Critique : La congrégation de Notre-Dame de Charité du Bon Pasteur est fondée à Angers en 1829 et agréée en 1835 par le pape Grégoire XVI. Une centaine d’années plus tard, près de trois cent cinquante maisons issues de cette institution religieuse dont le rôle est d’accueillir toutes celles que l’on qualifie de filles perdues, seront recensées à travers le monde. En France, l’ordonnance du 2 février 1945 fait la distinction entre éducation surveillée et administration pénitentiaire. Ce qui ressemble à une avancée marque, en vérité, la ségrégation entre les garçons qui sont envoyés dans des internats publics et les filles placées en priorité dans des établissements religieux afin de s’assurer de leur bonne conduite. Entre la fin de la Seconde Guerre et le début des années 70, bon nombre de celles qui refusaient de rentrer dans le rang ont été enfermées par un juge d’instruction ou par leur famille au Bon Pasteur ou dans toute autre congrégation religieuse du même genre.

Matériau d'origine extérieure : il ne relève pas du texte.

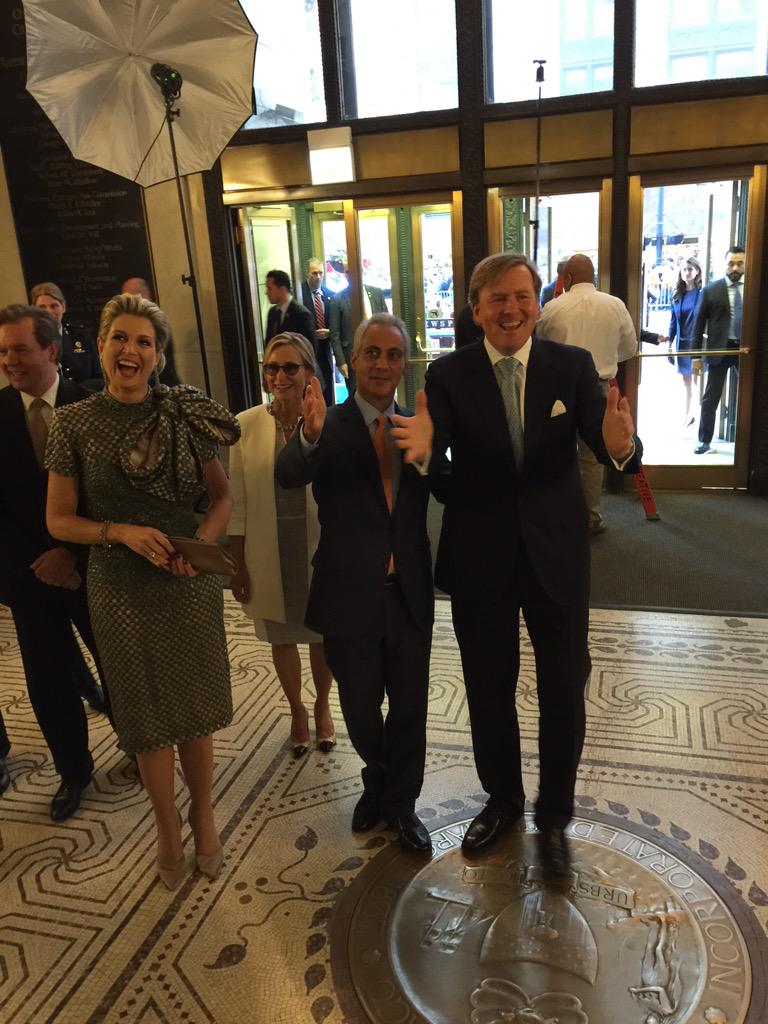 henkverbakel's tweet photo. Great how our Dutch King and Queen thanks us for being here! http://t.co/GCe6JwEFvI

En 2002, Peter Mullan avec The Magdalene Sisters dénonçait les mauvais traitements infligés aux femmes jugées impures dans l’Irlande catholique des années 60. Mais bien peu avaient imaginé que le pays des droits de l’homme s’était lui aussi, de manière totalement assumée, livré à de tels actes de maltraitance et d’humiliation, d’autant que les victimes, étouffées par la honte, gardent depuis toujours le secret de cette histoire collectivement taboue. C’est pourquoi Émérance Dubas, curieuse de l’évolution de la place des femmes dans la société, donne la parole à quatre d’entre elles, tout en mettant en avant leur phénoménale force de caractère.
- Copyright les Films de l’Oeil Sauvage
D’Édith, nous n’entendrons que la voix cristalline qui, avec une précision douloureuse, nous guide lors de la visite fantomatique du site du Bon Pasteur de Bourges laissé à l’abandon. Michèle, dont le seul tort a été d’être la fille d’une mère incapable de l’élever, a été condamnée à des années d’isolement et de privation d’amour. Elle revient sur les lieux avec ses petites-filles sidérées de découvrir un passé dont elle ne soupçonnait rien et admiratives de la résilience de leur grand-mère. Si Éveline, placée là à la suite d’un viol subi à l’adolescence, veut chasser les traumatismes du passé, elle peine à refréner son ressentiment quand elle comprend avec quelle cruauté tout a été fait pour la couper de sa famille (lettres interceptées, colis jamais distribués). Quant à Fabienne, si elle fanfaronne affirmant que cette malheureuse expérience lui a forgé le caractère, elle reconnaît que les conséquences de cette vie de misère furent dramatiques et qu’à dix-huit ans, elle n’attendait rien d’autre que la mort.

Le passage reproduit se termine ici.